Au cours de la rencontre, le Haut Commandement de la PNH a dressé un état de la situation sécuritaire qu’il juge préoccupant. Les responsables policiers ont indiqué que des groupes armés disposent d’un armement important et utilisent différentes tactiques telles que des tranchées, des pièges et des cocktails Molotov, ce qui complique les opérations dans plusieurs zones, en particulier dans les départements de l’Ouest et de l’Artibonite. La police indique chercher à adapter ses interventions tout en faisant face à des contraintes liées aux ressources logistiques. Elle évoque également la perspective du déploiement de la Force de Répression des Gangs (FRG).
La question de la présence d’enfants au sein des groupes armés a aussi été abordée. Selon les responsables policiers, des enfants âgés de 8 à 10 ans sont utilisés comme guetteurs tandis que d’autres, entre 11 et 14 ans, sont armés et impliqués dans les affrontements.

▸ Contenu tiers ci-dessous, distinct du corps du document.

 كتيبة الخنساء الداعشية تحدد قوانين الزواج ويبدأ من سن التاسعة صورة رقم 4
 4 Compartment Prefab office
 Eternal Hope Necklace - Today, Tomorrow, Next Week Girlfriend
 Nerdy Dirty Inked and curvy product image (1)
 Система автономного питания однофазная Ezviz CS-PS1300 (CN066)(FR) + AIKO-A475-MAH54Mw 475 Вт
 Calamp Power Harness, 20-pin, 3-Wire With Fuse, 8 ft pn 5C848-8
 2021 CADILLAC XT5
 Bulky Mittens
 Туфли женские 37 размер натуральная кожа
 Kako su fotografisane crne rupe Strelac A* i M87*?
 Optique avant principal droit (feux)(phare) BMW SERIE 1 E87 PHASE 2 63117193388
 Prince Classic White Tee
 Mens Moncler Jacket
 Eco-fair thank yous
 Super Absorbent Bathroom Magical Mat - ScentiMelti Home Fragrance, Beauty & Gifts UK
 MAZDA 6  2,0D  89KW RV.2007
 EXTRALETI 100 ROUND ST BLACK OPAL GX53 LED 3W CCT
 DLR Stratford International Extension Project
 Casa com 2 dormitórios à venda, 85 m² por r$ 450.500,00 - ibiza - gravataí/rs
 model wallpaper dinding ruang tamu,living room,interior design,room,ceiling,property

Les responsables de la PNH ont également évoqué les limites institutionnelles pour la prise en charge de ces mineurs. La Brigade de Protection des Mineurs (BPM) disposerait d’un espace restreint et ne possède pas de structure spécialisée pour assurer leur prise en charge ou leur réinsertion. La police estime qu’une réponse impliquant les institutions de l’État, l’Institut du Bien‑Être Social et de Recherches (IBESR) ainsi que des partenaires internationaux comme l’UNICEF serait nécessaire pour traiter cette situation.
Le Haut Commandement a également indiqué que des mécanismes d’encadrement sont appliqués lors des opérations afin de respecter les droits humains. Des séances d’information sur les règles d’engagement sont organisées avant les interventions et l’Inspection générale de la PNH examine actuellement 174 allégations de violations. Le Directeur général a, par ailleurs, invité la délégation onusienne à accompagner certaines unités sur le terrain afin d’observer les conditions d’intervention des forces de l’ordre.